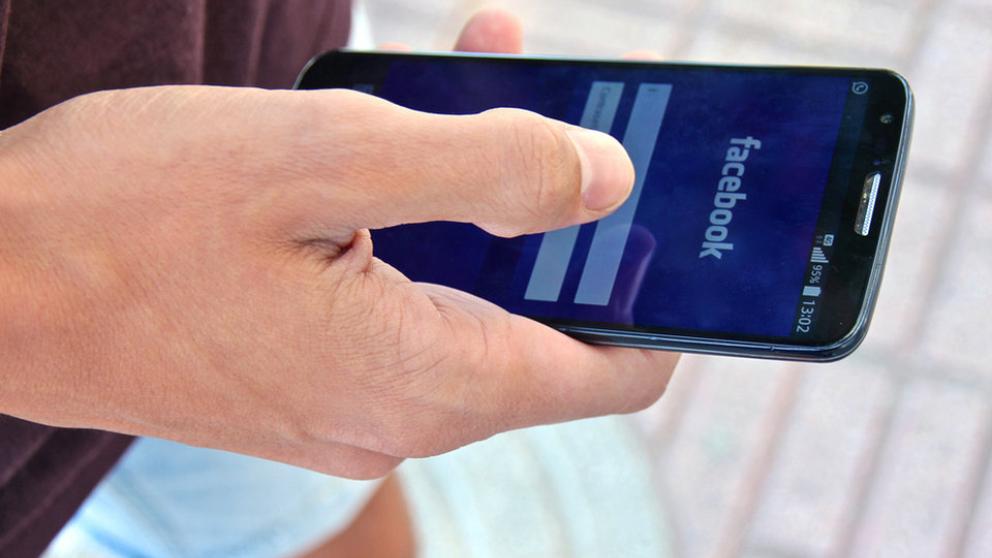 LaVanguardia's tweet photo. ¿Son las nuevas tecnologías una ayuda, un peligro,inútiles para la sociedad? Opina #enuntuit https://t.co/6XWlg3gAm0 https://t.co/VjA7MBY3ej
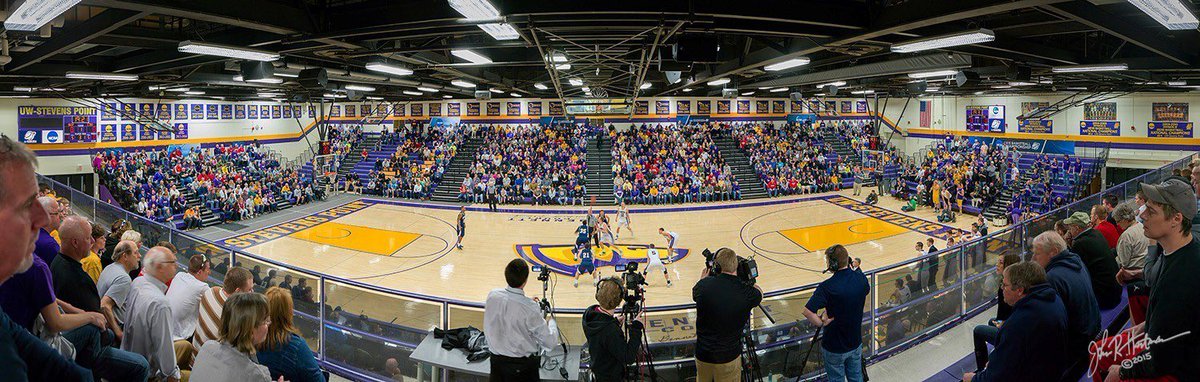 Jake_Buchanan1's tweet photo. Coming Home💜💛 #UWSP #Pointers https://t.co/8tx9qE7jvh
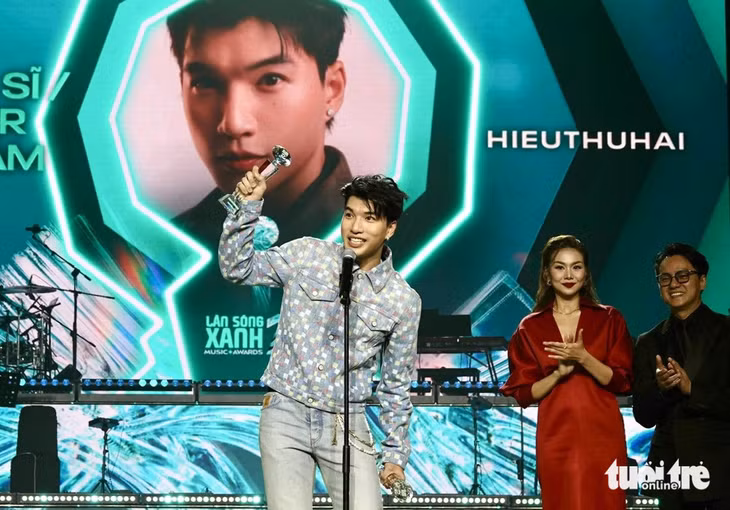 HIEUTHUHAI giành giải Nam ca sĩ/rapper của năm, giải được trao cuối cùng trong lễ trao giải Làn sóng xanh tối 15/1 - Ảnh: T.T.D.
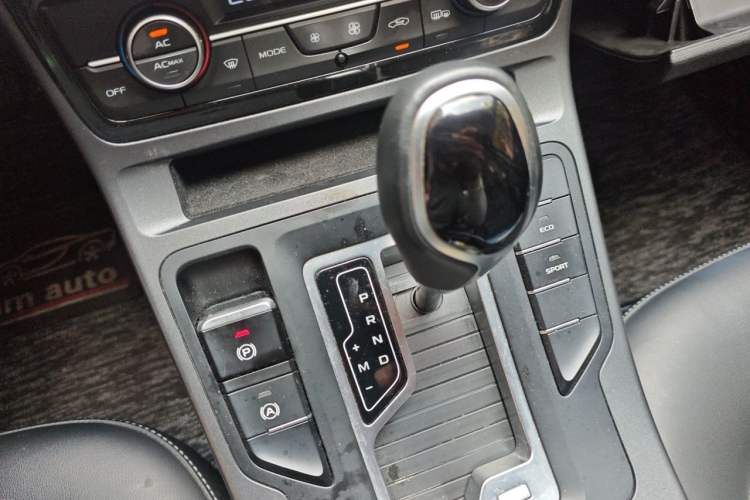 Used Geely Auto Emgrand GL 2021 UP 1.4T CVT Leading Edition Gear Lever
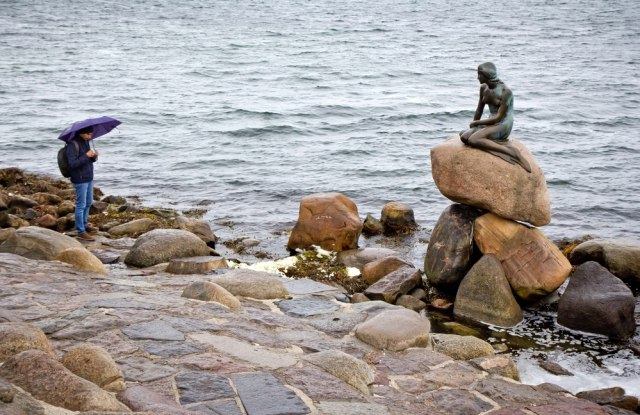 Patung Little Mermaid di Kopenhagen, Denmark. Foto: Shutter Stock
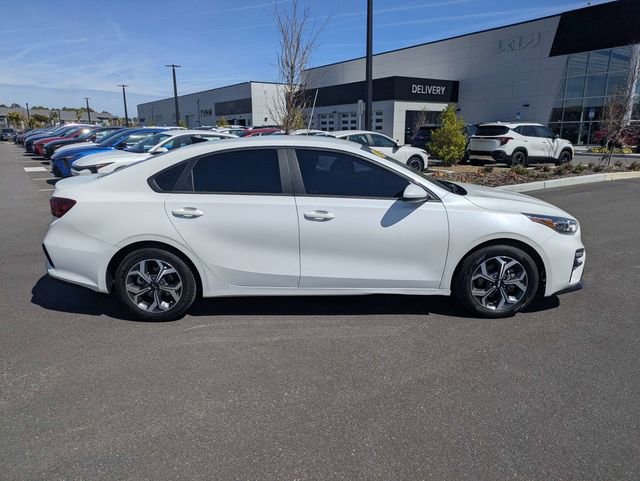 Used 2021 Kia Forte LXS image 2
==========
> [What is expected]
Your job is to restate, word for word, only the lines from the one holding "Jake_Buchanan1's tweet photo." through the end of the material; pictures stay out.

> [Completed exercise]
 Jake_Buchanan1's tweet photo. Coming Home💜💛 #UWSP #Pointers https://t.co/8tx9qE7jvh
 HIEUTHUHAI giành giải Nam ca sĩ/rapper của năm, giải được trao cuối cùng trong lễ trao giải Làn sóng xanh tối 15/1 - Ảnh: T.T.D.
 Used Geely Auto Emgrand GL 2021 UP 1.4T CVT Leading Edition Gear Lever
 Patung Little Mermaid di Kopenhagen, Denmark. Foto: Shutter Stock
 Used 2021 Kia Forte LXS image 2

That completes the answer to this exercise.